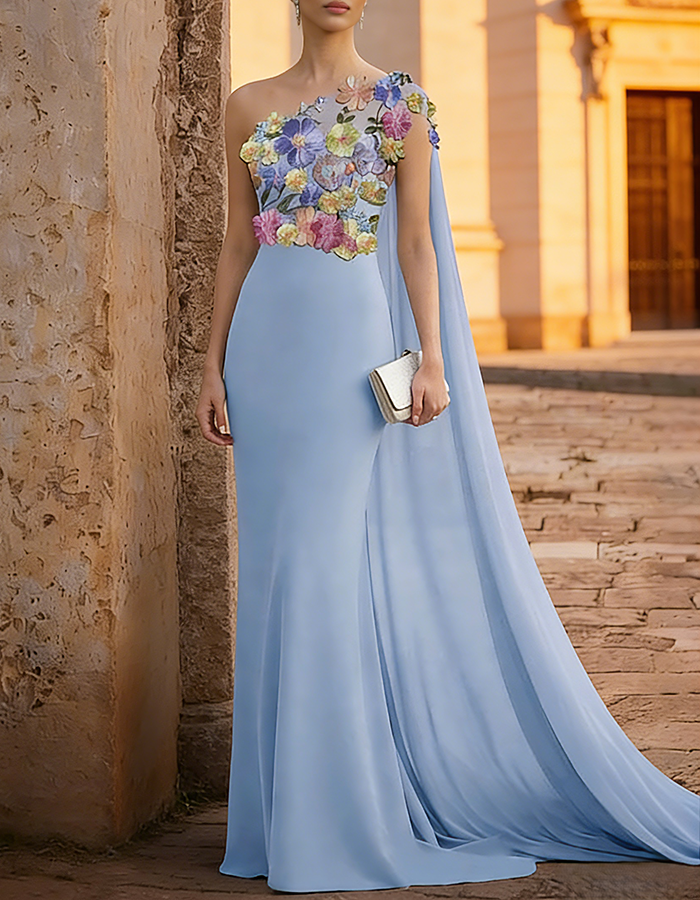 Sky Blue One-Shoulder Floral Embroidered Mermaid Maxi Dress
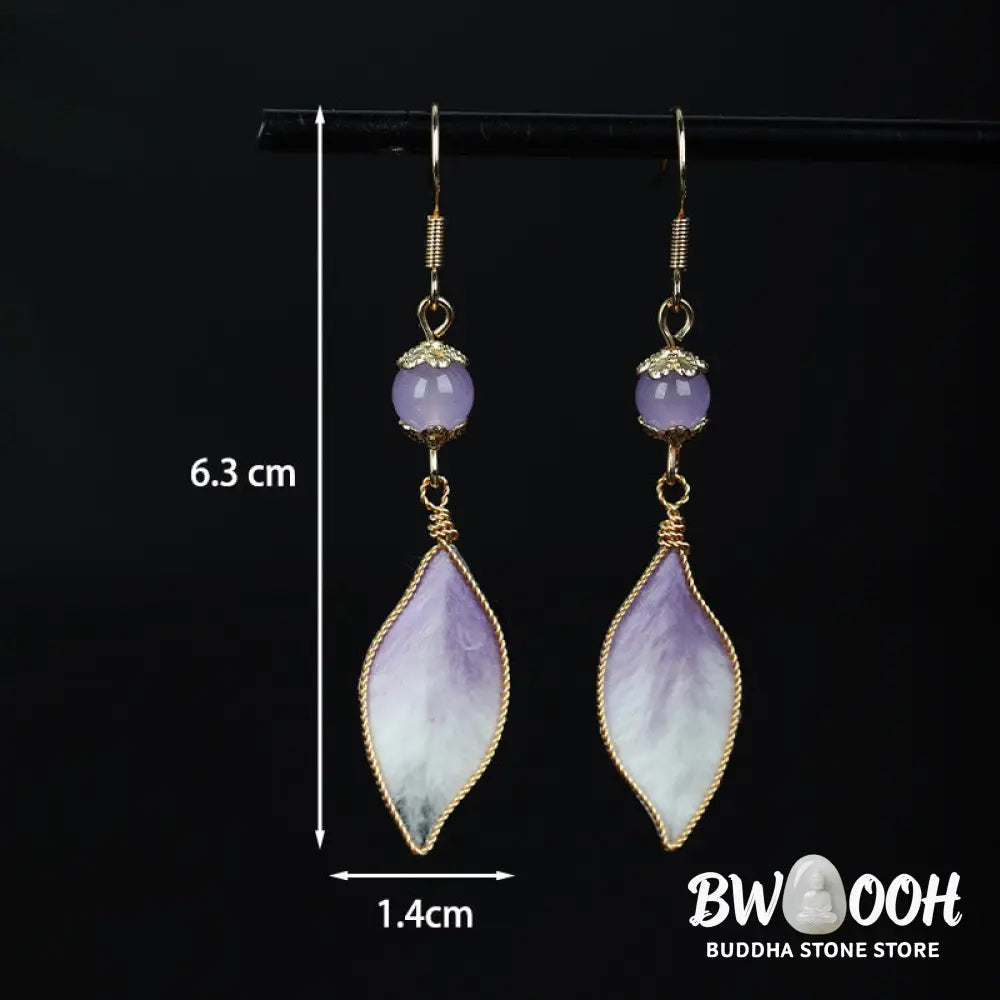 Buddha Stones Silk Art Handmade Purple Gradient Petals Blessing Dangle Earrings - Silk fibers(Size: About 6.3*1.4cm)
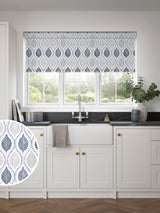 Next Blue Lino Leaf Made to Measure Roller Blind- Buy online at McGrocer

# # # # # # #

- [REQUIREMENT]: Please reproduce the lines above from the one containing "Buddha Stones Silk" through the final line, exactly and inclusively, leaving out each picture.

- [EXERCISE OUTPUT]:
 Buddha Stones Silk Art Handmade Purple Gradient Petals Blessing Dangle Earrings - Silk fibers(Size: About 6.3*1.4cm)
 Next Blue Lino Leaf Made to Measure Roller Blind- Buy online at McGrocer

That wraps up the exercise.